Is it possible to add axis labels for each point (maybe along the
top or right y axis, for example)?
My data has closer to 45 intercepts, so it is possible to add
spacing between the labels so they do not run into each other?
MAINLY, I am interested in distinguishing/labeling between points on the
graph, which seems to be cumbersome/impossible in the ggmath function.
So far, adding any additional option in the qqmath function produce errors where I would not get errors if it was a standard plot, so I'm at a loss.
Also, if you feel there is a better package/function for plotting intercepts from lmer output, I'd love to hear it! (for example, can you do points 1-3 using dotplot?)
EDIT: I'm also open to an alternative dotplot if it can be reasonably formatted. I just like the look of a ggmath plot, so I'm starting with a question about that.
One possibility is to use library ggplot2 to draw similar graph and then you can adjust appearance of your plot.
First, ranef object is saved as randoms. Then variances of intercepts are saved in object qq.
randoms<-ranef(fit1, postVar = TRUE)
qq <- attr(ranef(fit1, postVar = TRUE)[[1]], "postVar")
Object rand.interc contains just random intercepts with level names.
rand.interc<-randoms$Batch
All objects put in one data frame. For error intervals sd.interc is calculated as 2 times square root of variance.
df<-data.frame(Intercepts=randoms$Batch[,1],
sd.interc=2*sqrt(qq[,,1:length(qq)]),
lev.names=rownames(rand.interc))
If you need that intercepts are ordered in plot according to value then lev.names should be reordered. This line can be skipped if intercepts should be ordered by level names.
df$lev.names<-factor(df$lev.names,levels=df$lev.names[order(df$Intercepts)])
This code produces plot. Now points will differ by shape according to factor levels.
library(ggplot2)
p <- ggplot(df,aes(lev.names,Intercepts,shape=lev.names))

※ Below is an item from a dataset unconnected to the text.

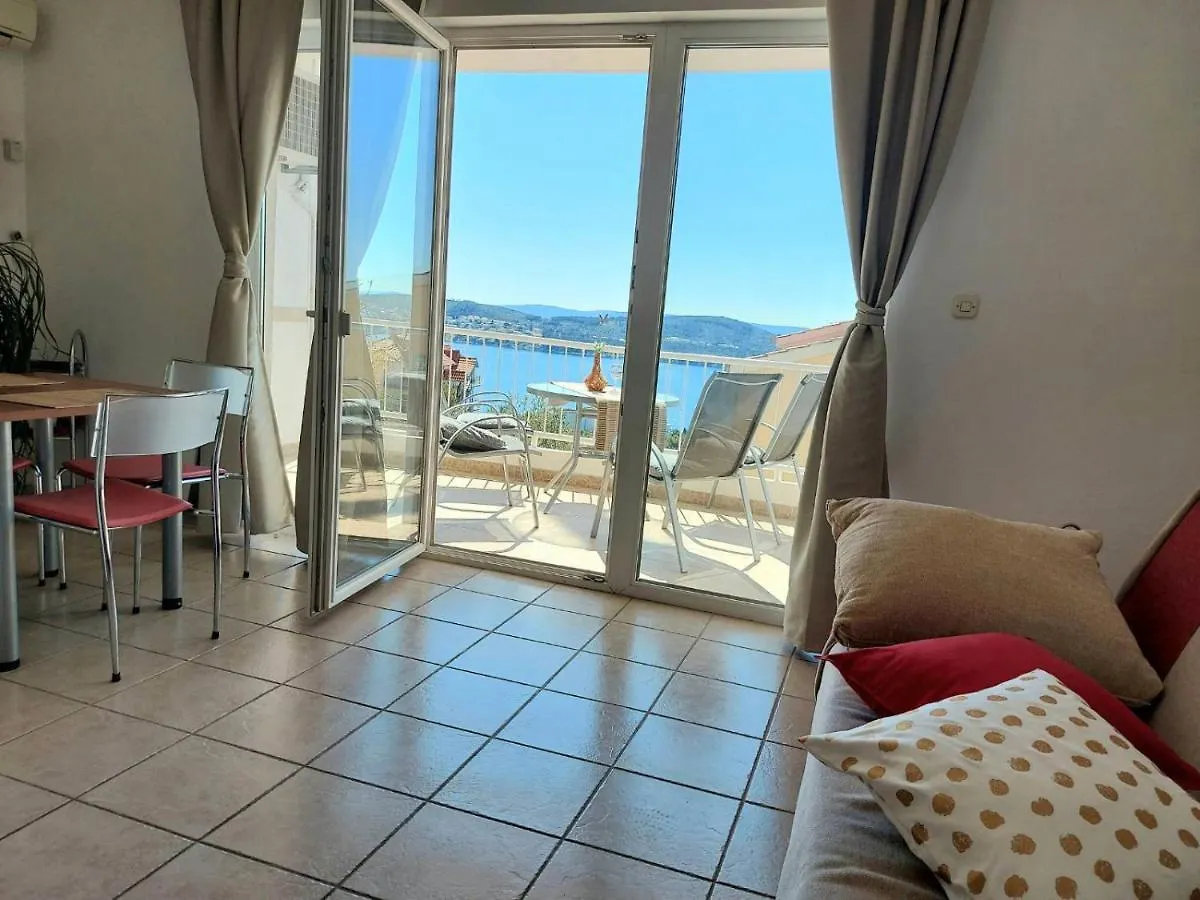 Apartments Jasna Trogir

#Added horizontal line at y=0, error bars to points and points with size two
p <- p + geom_hline(yintercept=0) +geom_errorbar(aes(ymin=Intercepts-sd.interc, ymax=Intercepts+sd.interc), width=0,color="black") + geom_point(aes(size=2))
#Removed legends and with scale_shape_manual point shapes set to 1 and 16
p <- p + guides(size=FALSE,shape=FALSE) + scale_shape_manual(values=c(1,1,1,16,16,16))
#Changed appearance of plot (black and white theme) and x and y axis labels
p <- p + theme_bw() + xlab("Levels") + ylab("")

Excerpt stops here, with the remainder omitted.